Jean-Michel Espitallier

Pour cette incursion, Jean-Michel Espitallier fait la lecture, en solo, d'un texte spécialement créé pour Agora. Texte performatif, renvoyant au temps et au lieu de la lecture, comme autant d'axiomes et de syllogismes fous, en boucles, repliés sur eux-mêmes, centrifuges, mantras mathématiques d'une langue qui s'enroule et se déroule pour aller fouiller dans les merveilles froides, les angles morts et les « machines-absurdités » du langage.

Une attention particulière est apportée sur le choix des artistes, d'une part pour leur rapport affirmé aux arts plastiques mais aussi pour créer un maximum de contraste entre chaque incursion. La pluridisciplinarité est bien sûre un élément moteur de ce contraste. Mais des éléments comme le nombre d'interprètes, la durée et l'espace occupé par chaque intervention sont tenus en compte dans les étapes préparatoires.

Ces 3 propositions sont organisées le plus simplement possible pendant le temps de représentation.

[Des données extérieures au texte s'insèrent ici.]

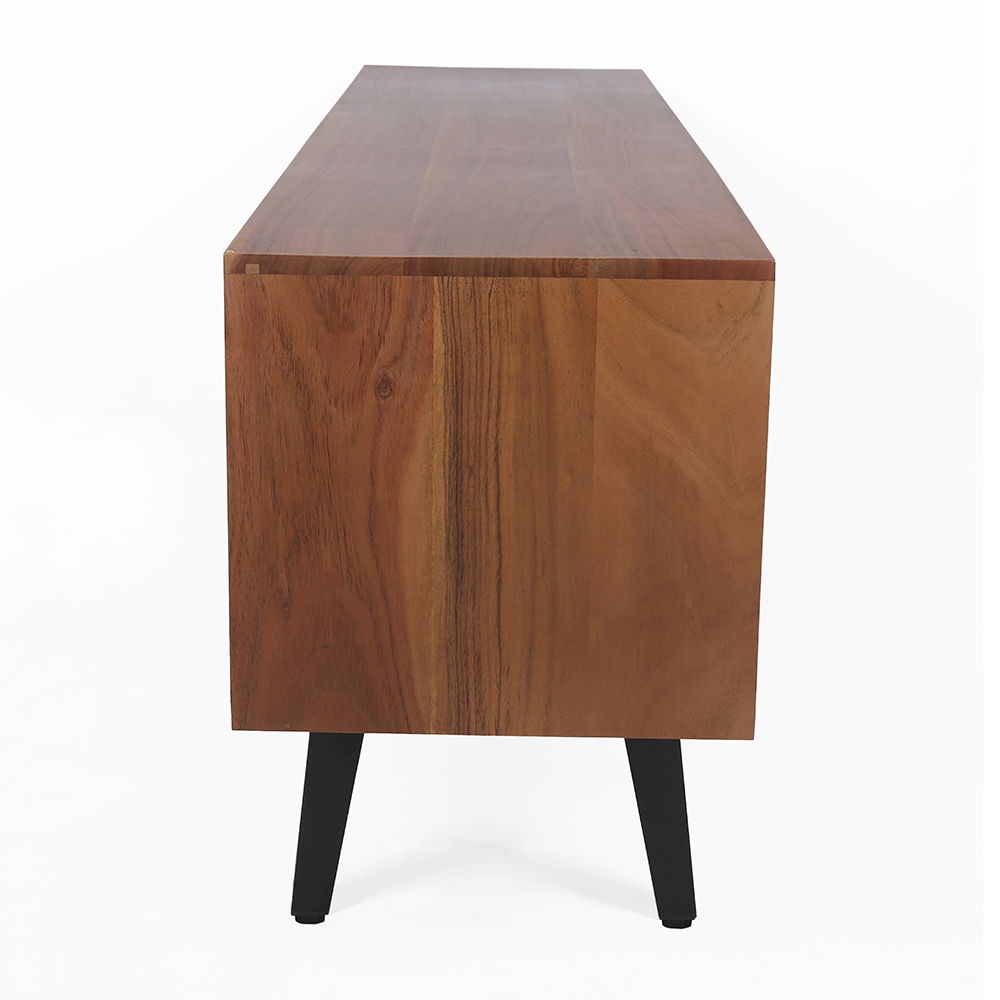Asther - Acacia Wood TV Cabinet - Natural Wood / Brown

Il n'est pas possible de décrire dès à présent exactement le rythme de la représentation, mais chaque incursion est visible l'une après l'autre. Leur durée varie entre 10 et 30 minutes. Un entracte a lieu entre chaque pièce, court moment où le public est amené à se déplacer autour ou dans l'installation pour voir l'intervention suivante.

« La sculpture s'installe dans le même milieu que celui qui la contemple. Chaque pas de l'observateur, chaque heure du jour, chaque lampe qui s'allume, engendre à une sculpture une certaine apparence, toute différente des autres. »

Paul Valéry.

Conclusion

L'installation porte le titre Agora par ce qu'elle est faite pour le public qui représente l'individu et le groupe. Cet objet est volontairement incomplet ; quelque chose manque. La présence humaine y est sollicitée, il doit être occupé, utilisé. Le public doit s'approprier cet espace où les intervenants en sont les guides, les éclaireurs. Présenter cette installation avec des interventions, c'est la rendre vivante. C'est une façon de donner au public les clefs d'un objet qui ne peut fonctionner que s'il y a un échange, une collaboration.

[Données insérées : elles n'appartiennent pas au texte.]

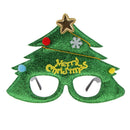 Glitter Green Christmas Tree Sunglasses Novelty Xmas Glasses Party Eyewear Decorations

Toutefois, Agora n'est pas un projet social mais bien un projet esthétique dont l'ambition est d'offrir au public un objet d'art dans lequel il puisse se fondre.

Agora : Antiquité grecque. Grande place, avec boutique, tribunaux, etc. ; où siégeait l'assemblée du peuple.

Public,.que : Adj. Qui concerne le peuple pris dans son ensemble ; qui appartient à la collectivité sociale, politique et en émane, qui appartient à l'état ou à une personne administrative.